This International Standard does not cover pressure regulators intended for direct use on cylinder bundles.
Such regulators comply with the safety requirements of ISO 7291, in particular with the adiabatic compression
test for oxygen regulators.

<snip>


5.2 Design and construction
5.2.1 Oxygen pressure regulators
Pressure regulators for oxygen shall be designed and manufactured while giving consideration to the
possibility for internal ignition. Pressure regulators for oxygen shall not ignite or show evidence of burning
when submitted to the ignition test in 9.7.4.
All components and accessories shall be thoroughly cleaned and degreased before assembly.

<snip>

http://imgur.com/ddnWLEK

6.3 Equipment classes for pressure regulators without flow-metering devices


Performance is measured at the standard discharge Q1 and nominated outlet pressure specified by the
manufacturer.
Preferred values of p2 and Q1 are given in Table 3, but other values may be specified by the manufacturer.

http://imgur.com/DpMpAKJ

http://imgur.com/Ebhctpb


8 Instructions for use
The manufacturer, supplier or distributor shall supply instructions for use with each pressure regulator,
and with each pressure regulator with a flow-metering device, covering at least:
a) the field of application of the pressure regulator; or
B) the field of application of the pressure regulator with a flow-metering device; in particular the range of
specific gravity of the gases or gas mixtures for which it can be used;
EXAMPLE Flow meter which can be used for mixtures ranging from an argon-carbon dioxide mixture (specific
gravity: 1,69) up to an argon-hydrogen mixture (specific mass: 1,57).
c) a description of the pressure regulator, or of the pressure regulator with a flow-metering device and the
meaning of the marking;
d) the safe and correct installation of the pressure regulator, or of the pressure regulator with a flowmetering
device;
e) the commissioning tests that are necessary to prove safe and correct installation prior to service;
f) the use and maintenance of the pressure regulator, or of the pressure regulator with a flow-metering
device (intended for the operator);
g) hazards and safety precautions in the case of oxygen.




9 Type-test procedure
9.1 General
Checking conformity to this International Standard of a pressure regulator, or a pressure regulator with a flowmetering
device of a given type, consists of
⎯ tests, and
⎯ checking of documents.
Conformity to the requirements of the present International Standard can be confirmed by an independent
body.
The oxygen ignition test (see 9.7.4) shall be carried out after the tests for performance and operating
characteristics (see 6.6.1 and 6.6.2) and before the resistance test to internal pressure (see 9.7.2.1).
NOTE These are type tests applicable to pressure regulators only for verifying conformity to this International Standard
and are not intended as a programme for production testing of all pressure regulators.

The rest of the references to oxygen are with reference to the test procedures, not really relevant here.


So from my reading the Brewman kit has a regulator approved for use with oxygen, with a non-approved for oxygen use pressure gauge attached.
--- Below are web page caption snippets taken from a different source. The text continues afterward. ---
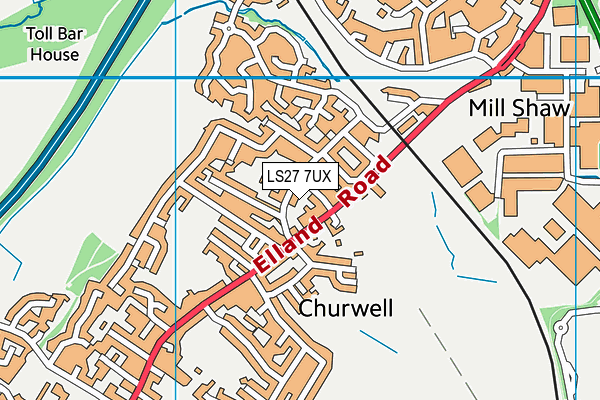 LS27 7UX map - OS VectorMap District (Ordnance Survey)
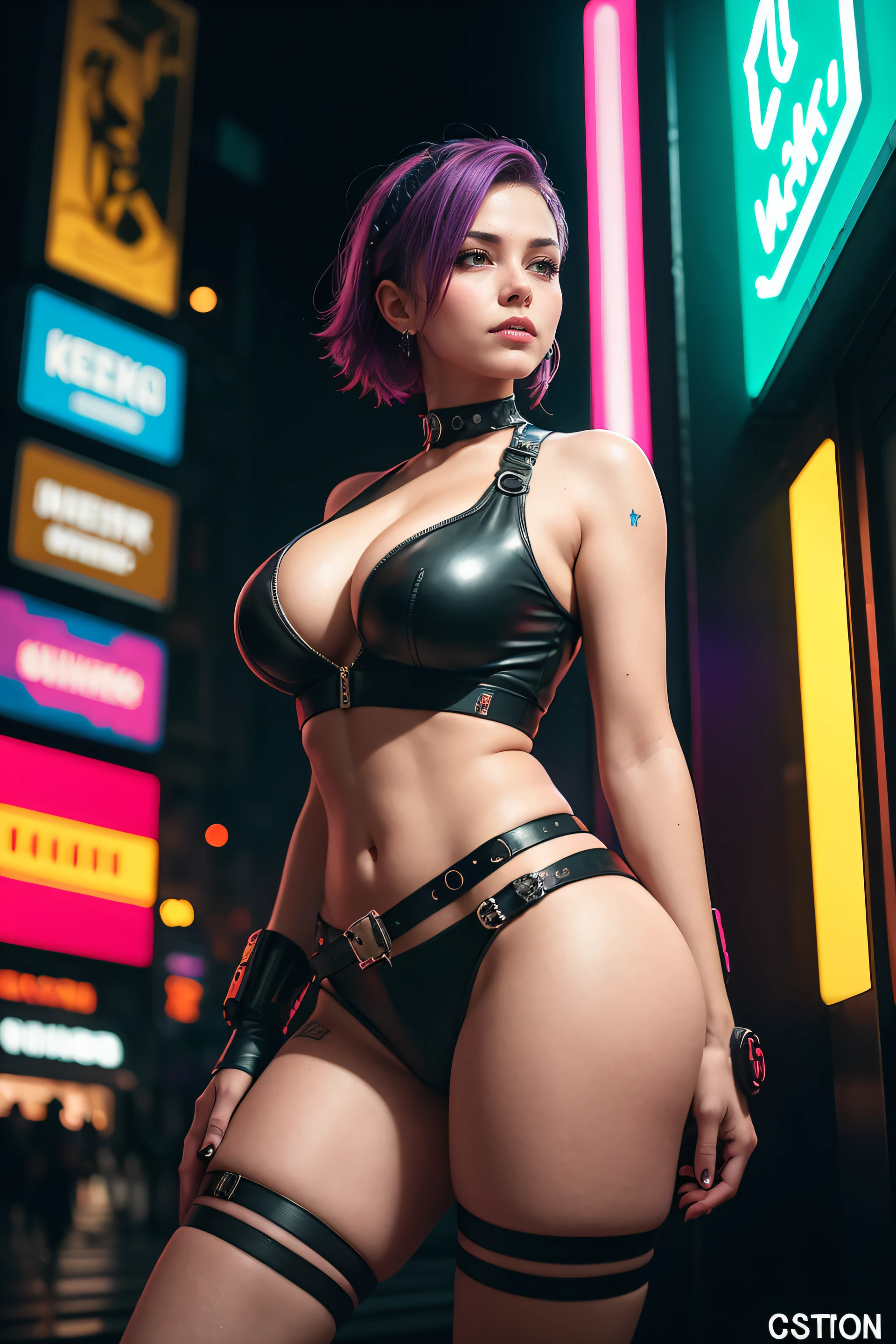 there is a woman standing with a rainbow light, 3 d neon art of a womans body, neon-noir background, cyberpunk femme fatale, seductive cyberpunk dark fantasy, cyberpunk strip clubs, cyberpunk 20 y. o model girl, oppai cyberpunk, banner, high definition cgsociety, cgsociety masterpiece, trending on cgstation, kda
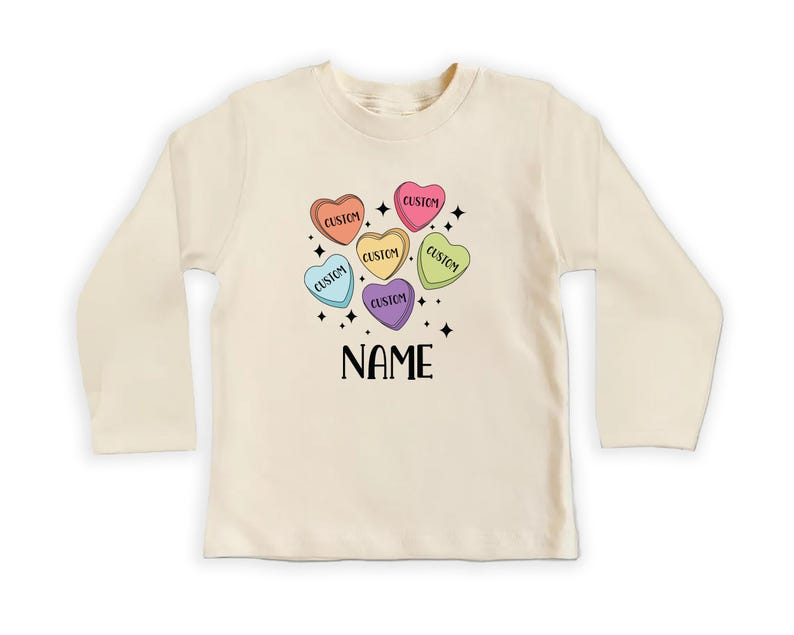 Custom Candy Hearts Baby Sweatshirt, Personalized Valentine’s Day Outfit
Of course, that's just my layman's reading.


----------



## n87

For those interested in getting refillable cylinders, have a look at Gasweld.
They actually sell them, though its an exchange, not a refill.
And it looks like they only have a D and G size in oxygen (would be great if they had a C)

Bulk buy may work in this case?


----------



## mstrelan

n87 said:


> For those interested in getting refillable cylinders, have a look at Gasweld.
> They actually sell them, though its an exchange, not a refill.
> And it looks like they only have a D and G size in oxygen (would be great if they had a C)
> 
> Bulk buy may work in this case?


Is this the C one you're after? http://www.gasweld.com.au/speed-gas-gas-kit-oxygen-c-size-includes-bottle-oxygen-gas-oxygen-c-kit


----------



## mstrelan

I believe Gas Weld is a distributor of Speed Gas products. 

SpeedGas sells Beer Gas (N + CO2), perhaps they would be more open to the home brewing community.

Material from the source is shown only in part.